How to Perform MPI Benchmarking on Azure with Rocky Linux
Introduction
MPI (Message Passing Interface) benchmarking is heavily utilized in the automobile industry and is a backbone of High Performance Computing. With benchmarking, the objective is to pass a message between two nodes as quickly as possible. The faster the message is passed between both nodes, the more parallel operations you will be able to perform on your selected hardware.
This article will cover how to set up MPI benchmarking on a Rocky Linux 8.10 image on two nodes in Azure.
Prerequisites
-
Two individual VMs or a Virtual Machine Scale Set (Virtual Machine Scale Set) (a VMSS is the recommended option and is what is used in this article).
-
The
size
of the VMs / VMSS needs to be able to support Infiniband and RDMA. Examplesizes
that support Infiniband and RDMA areHBv4
,H16r
and so on (the testing performed for this article was on a Virtual Machine Scale Set using twoHB176-24rs_v4
instances). You may need to increase your quota in your Azure subscription in order to accesssizes
such as theHBv4
. -
Utilize a Rocky Linux VHD to be applied to each node (for this documentation, this was tested with Rocky Linux 8.10).

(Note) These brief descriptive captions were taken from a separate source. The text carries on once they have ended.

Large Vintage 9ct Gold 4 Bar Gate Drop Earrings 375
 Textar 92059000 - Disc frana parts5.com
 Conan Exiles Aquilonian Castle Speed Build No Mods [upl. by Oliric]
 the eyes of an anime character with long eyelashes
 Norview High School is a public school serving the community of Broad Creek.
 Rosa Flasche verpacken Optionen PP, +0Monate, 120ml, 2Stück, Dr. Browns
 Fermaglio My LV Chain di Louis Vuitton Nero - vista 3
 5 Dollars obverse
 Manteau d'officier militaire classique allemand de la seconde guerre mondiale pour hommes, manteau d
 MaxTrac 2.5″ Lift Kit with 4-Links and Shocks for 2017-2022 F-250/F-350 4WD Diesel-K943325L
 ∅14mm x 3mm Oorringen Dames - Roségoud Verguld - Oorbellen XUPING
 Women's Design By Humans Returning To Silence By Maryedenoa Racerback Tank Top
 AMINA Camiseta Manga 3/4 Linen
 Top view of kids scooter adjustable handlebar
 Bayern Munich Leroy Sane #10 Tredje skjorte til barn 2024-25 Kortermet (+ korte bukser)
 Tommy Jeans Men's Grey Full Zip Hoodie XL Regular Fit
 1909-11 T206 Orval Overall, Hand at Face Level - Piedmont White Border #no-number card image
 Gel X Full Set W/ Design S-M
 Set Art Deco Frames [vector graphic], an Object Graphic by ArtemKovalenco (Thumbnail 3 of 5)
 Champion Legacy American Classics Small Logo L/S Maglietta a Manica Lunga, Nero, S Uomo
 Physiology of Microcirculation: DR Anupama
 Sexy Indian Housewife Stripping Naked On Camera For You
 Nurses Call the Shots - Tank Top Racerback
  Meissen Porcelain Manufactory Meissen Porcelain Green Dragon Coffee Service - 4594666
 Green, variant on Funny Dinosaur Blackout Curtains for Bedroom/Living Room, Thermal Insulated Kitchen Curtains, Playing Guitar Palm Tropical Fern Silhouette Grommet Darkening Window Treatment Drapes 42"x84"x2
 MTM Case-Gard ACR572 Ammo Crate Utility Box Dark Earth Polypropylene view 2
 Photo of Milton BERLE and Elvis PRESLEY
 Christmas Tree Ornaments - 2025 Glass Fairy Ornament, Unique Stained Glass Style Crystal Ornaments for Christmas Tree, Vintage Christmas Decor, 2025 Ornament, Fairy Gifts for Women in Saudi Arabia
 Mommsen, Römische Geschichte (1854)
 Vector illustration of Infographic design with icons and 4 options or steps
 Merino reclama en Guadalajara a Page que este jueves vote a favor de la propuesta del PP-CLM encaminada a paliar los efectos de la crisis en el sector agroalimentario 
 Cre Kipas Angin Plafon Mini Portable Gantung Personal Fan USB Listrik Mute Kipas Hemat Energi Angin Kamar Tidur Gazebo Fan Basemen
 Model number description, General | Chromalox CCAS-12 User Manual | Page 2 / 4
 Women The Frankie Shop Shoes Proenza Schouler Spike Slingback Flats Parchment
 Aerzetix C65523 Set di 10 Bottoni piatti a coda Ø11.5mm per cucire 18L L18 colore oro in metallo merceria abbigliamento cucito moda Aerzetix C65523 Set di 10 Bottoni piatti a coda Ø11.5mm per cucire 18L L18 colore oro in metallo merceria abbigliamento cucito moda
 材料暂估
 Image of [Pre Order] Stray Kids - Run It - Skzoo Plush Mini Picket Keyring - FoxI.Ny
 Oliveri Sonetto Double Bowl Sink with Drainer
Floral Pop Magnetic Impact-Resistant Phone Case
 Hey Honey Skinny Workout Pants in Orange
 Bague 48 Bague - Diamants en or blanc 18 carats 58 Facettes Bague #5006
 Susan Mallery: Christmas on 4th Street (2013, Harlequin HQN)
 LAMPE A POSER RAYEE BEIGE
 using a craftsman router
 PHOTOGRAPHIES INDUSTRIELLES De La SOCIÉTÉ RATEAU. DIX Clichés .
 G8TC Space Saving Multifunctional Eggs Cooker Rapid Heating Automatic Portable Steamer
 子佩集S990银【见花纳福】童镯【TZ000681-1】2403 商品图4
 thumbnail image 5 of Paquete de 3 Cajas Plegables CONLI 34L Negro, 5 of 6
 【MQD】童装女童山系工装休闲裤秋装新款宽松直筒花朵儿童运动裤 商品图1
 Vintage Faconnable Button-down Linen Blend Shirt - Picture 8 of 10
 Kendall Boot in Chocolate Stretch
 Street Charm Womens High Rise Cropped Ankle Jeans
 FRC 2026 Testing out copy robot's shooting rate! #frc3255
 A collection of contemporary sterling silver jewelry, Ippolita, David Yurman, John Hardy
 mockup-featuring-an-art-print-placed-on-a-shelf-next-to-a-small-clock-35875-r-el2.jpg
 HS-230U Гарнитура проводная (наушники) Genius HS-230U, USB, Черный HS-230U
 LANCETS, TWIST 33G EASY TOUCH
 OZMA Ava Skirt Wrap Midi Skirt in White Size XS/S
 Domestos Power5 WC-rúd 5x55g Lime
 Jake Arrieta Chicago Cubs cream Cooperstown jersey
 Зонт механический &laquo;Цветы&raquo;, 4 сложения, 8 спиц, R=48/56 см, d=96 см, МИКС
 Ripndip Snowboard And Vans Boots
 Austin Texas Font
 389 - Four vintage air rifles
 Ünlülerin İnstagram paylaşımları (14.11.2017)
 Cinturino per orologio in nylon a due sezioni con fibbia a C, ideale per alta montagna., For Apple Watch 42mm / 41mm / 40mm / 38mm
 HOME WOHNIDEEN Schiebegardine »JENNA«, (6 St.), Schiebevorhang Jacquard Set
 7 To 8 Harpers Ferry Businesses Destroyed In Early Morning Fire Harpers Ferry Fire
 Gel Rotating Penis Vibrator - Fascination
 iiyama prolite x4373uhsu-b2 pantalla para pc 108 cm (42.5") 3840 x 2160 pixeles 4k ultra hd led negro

The image requires the
cld_next
kernel, as well as thewaagent
,OFED
, Infiniband, and RDMA drivers. In addition,Open MPI
needs to be installed for the MPI benchmarking to be performed.
Azure setup
All steps are performed using the Azure CLI.
Step 1: create a resource group
az group create --name <RESOURCE-GROUP_NAME> --location <LOCATION>
Step 2: generate a storage account
az storage account create \
--name <NAME> \
--resource-group <RESOURCE-GROUP_NAME> \
--location <LOCATION> \
--sku Standard_LRS
Step 3: provision a container
az storage container create \
--account-name <NAME> \
--name <NAME>
Step 4: retrieve the storage account key and assign it to the STORAGE_KEY
variable
STORAGE_KEY=$(az storage account keys list \
--resource-group <RESOURCE-GROUP_NAME> \
--account-name <NAME> \
--query '[0].value' -o tsv)
Step 5: display the key for verification (optional)
echo $STORAGE_KEY
Step 6: upload the Rocky Linux VHD image from your local filesystem
az storage blob upload \
--account-name <NAME> \
--account-key $STORAGE_KEY \
--container-name <NAME> \
--type page \
--file <VHD_IMAGE> \
--name <VHD_IMAGE>
Step 7: set the VHD URI to the VHD_URI
variable
VHD_URI="https://<NAME>.blob.core.windows.net/<NAME>/<VHD_IMAGE>"
Step 8: create a managed image
az image create \
--resource-group <RESOURCE-GROUP_NAME> \
--name <IMAGE_NAME> \
--os-type Linux \
--source $VHD_URI \
--location <LOCATION>
Step 9: generate an ssh key pair for accessing the nodes
# Generate an ssh key pair if you don't have one already on your local machine
ssh-keygen -t rsa -b 4096 -f ~/.ssh/<SSH_KEY> -N ""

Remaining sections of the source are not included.